September 28, 2022

Organizer cancels Long Beach Sprint Nationals speedboat races – Press Telegram

Long Beach will not hold speedboat races at Marine Stadium this year — and maybe never again.

A permit appeal process has been delayed to the point that it’s too late to stage the 2022 Long Beach ARP Sprint Nationals speedboat race, said Ross Wallach, longtime president of the Southern California Speedboat Club and organizer of the Marine Stadium competition, Wednesday, July 6.

The Long Beach Speedboat Races were originally scheduled for August 6-7.

The Long Beach Office of Special Events denied Wallach’s initial permit application on April 11, citing safety concerns, and the city council sent its appeal to a hearing officer on May 24.

“The appeal hearing is July 19 and from there the hearing officer has 15 days to issue a decision,” Wallach said in an email Wednesday. “Once that decision is made, it comes back to the city council for approval or rejection of the decision.

“In other words, the city put this in place to make sure the Long Beach Sprint Nationals wouldn’t happen this year,” he added, “because I don’t expect to a verdict before the last possible moment.”

Long Beach officials, in a statement, did not directly respond to Wallach’s accusation, but reiterated concerns for the safety of fans and competitors.

“As the city discovered during its extensive post-crash review, this event poses significant safety concerns,” city spokesman Kevin Lee said in a statement released Wednesday. “As a result of the safety review, the City denied the permit to protect both spectators and participants.”

The special events office had yet to receive an official cancellation, Lee said.

The Sprint Nationals were first held at Marine Stadium in 1946.

Several classes of speedboats, some capable of speeds of up to 150mph, decide national championships in two days of oval racing at Long Beach Stadium, which was built for Olympics rowing events of 1932.

But there have been two driver deaths at national sprint championships since 2018.

In 2018, Gregory Paul Duff died a week and a half after being hit by a racing boat.
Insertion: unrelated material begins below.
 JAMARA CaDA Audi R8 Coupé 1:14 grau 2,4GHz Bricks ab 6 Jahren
In 2019, the city initially denied a permit for the races. But after Wallach and SCSC, which is based in Redondo Beach, agreed to a number of safety upgrades and increased liability insurance from $1 million to $10 million, races were allowed to have venue.

In 2020, with the pandemic canceling most events, races were held in Bakersfield and Parker, Arizona.
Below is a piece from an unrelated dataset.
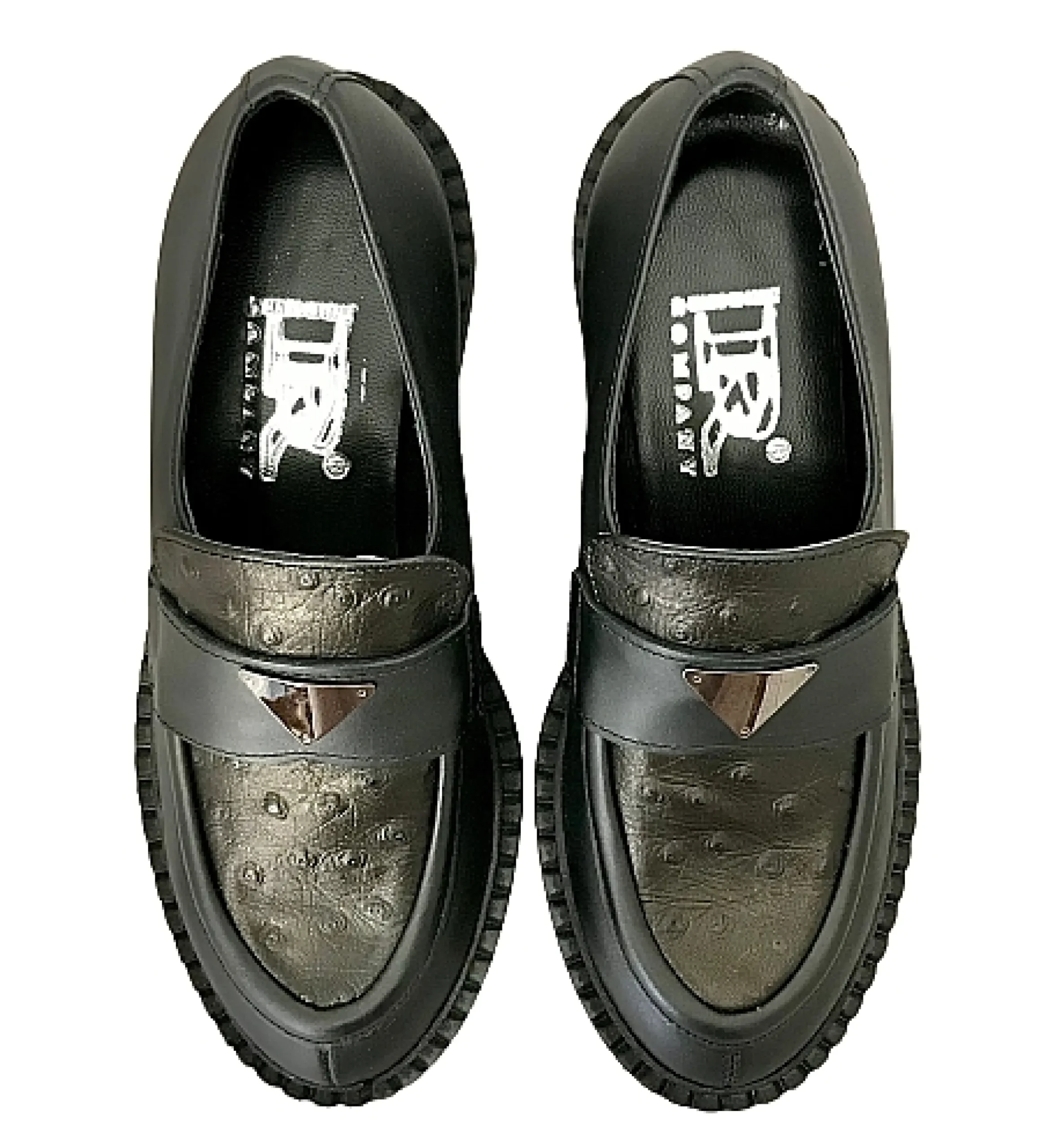 Scarpe di Maremma Mocassino Nero E Bronzo In Pelle*Donna Mocassini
Racing returned to Long Beach last year.

The 2021 competition saw pilot Jay Hart die when he was ejected from his open-cockpit speedboat during a race in Long Beach on August 8.

Wallach was pushed back when he submitted his plan for the 2022 races, which he said included more safety improvements.
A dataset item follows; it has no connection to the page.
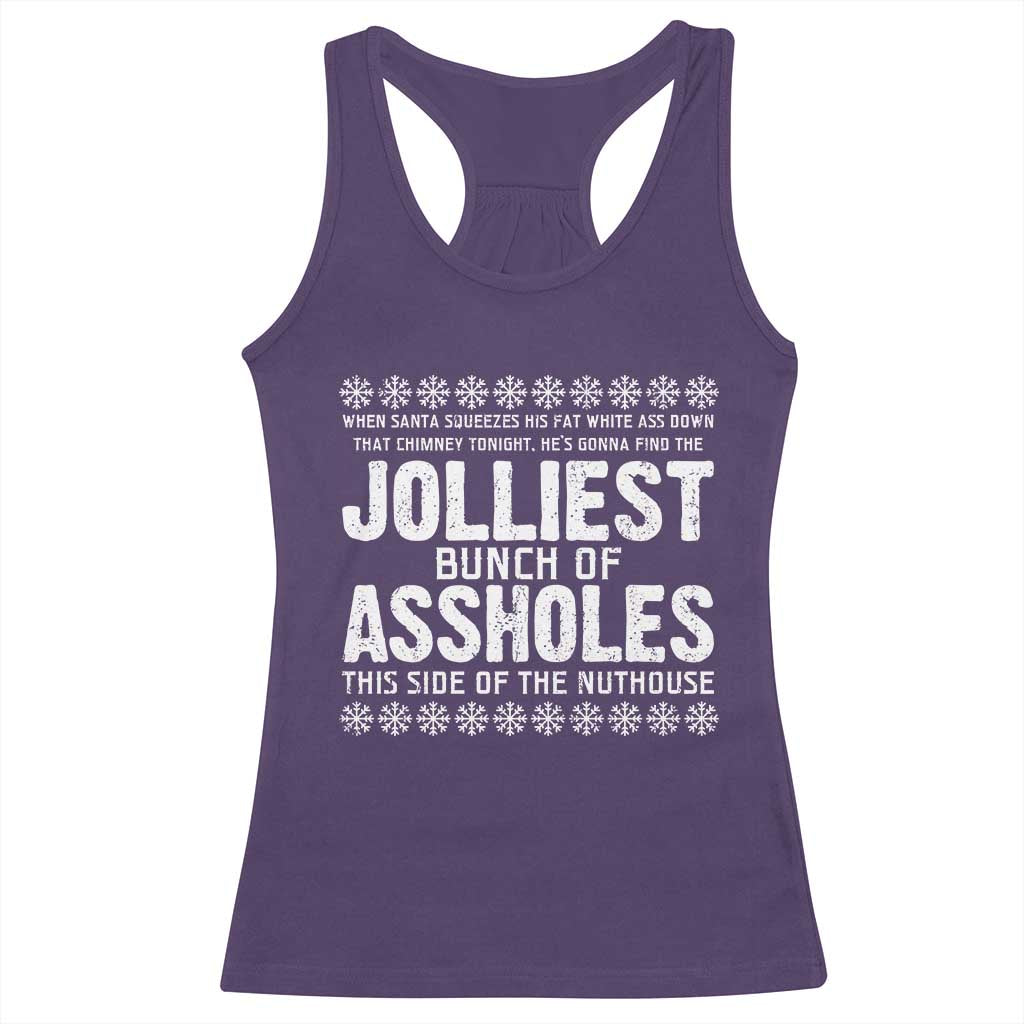 Funny Christmas Vacation Jolliest Bunch Of Assholes Racerback Tank Top Xmas Movie - Wonder Print Shop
In a memo dated April 11 to City Manager Tom Modica, Special Events Manager Tasha Day and Deputy Fire Chief Robbie Grego, the event was too dangerous as currently set up to allow it. A letter dated the same day and signed by Modica to Ross Wallach summarizes the note:

“Based on the above information and your current request submitted to the Office of Special Events and Filming on August 25, 2021,” the memo states, “the investigation team has concluded that the Sprint Nationals Boat Racing event is unsafe and poses a hazard to both race participants and spectators in its current configuration and specified safety requirements.

Third District Councilwoman Suzie Price said in May that it was important that the appeals process be fair to both the SCSC and the city’s safety concerns.

“I had the opportunity to meet the callers,” Price said at a May board meeting. “We had no substantive conversations, but (I) assured them and promised and committed to them that they would have a fair process.”

But delays in holding the hearing in the first place have rendered the matter all but moot, at least for this year, Wallach said. And if the decision doesn’t go his way, he added, it could be the end of the National Sprint Championships in Long Beach.

“I have to wait to put it back on the schedule for the next city council hearing – maybe in August but most likely in September,” Wallach said. “We have therefore been forced to cancel the race for this year. If we win the appeal and the city council approves the decision, we will be back in 2023 but, if I am honest, I have little hope in this process.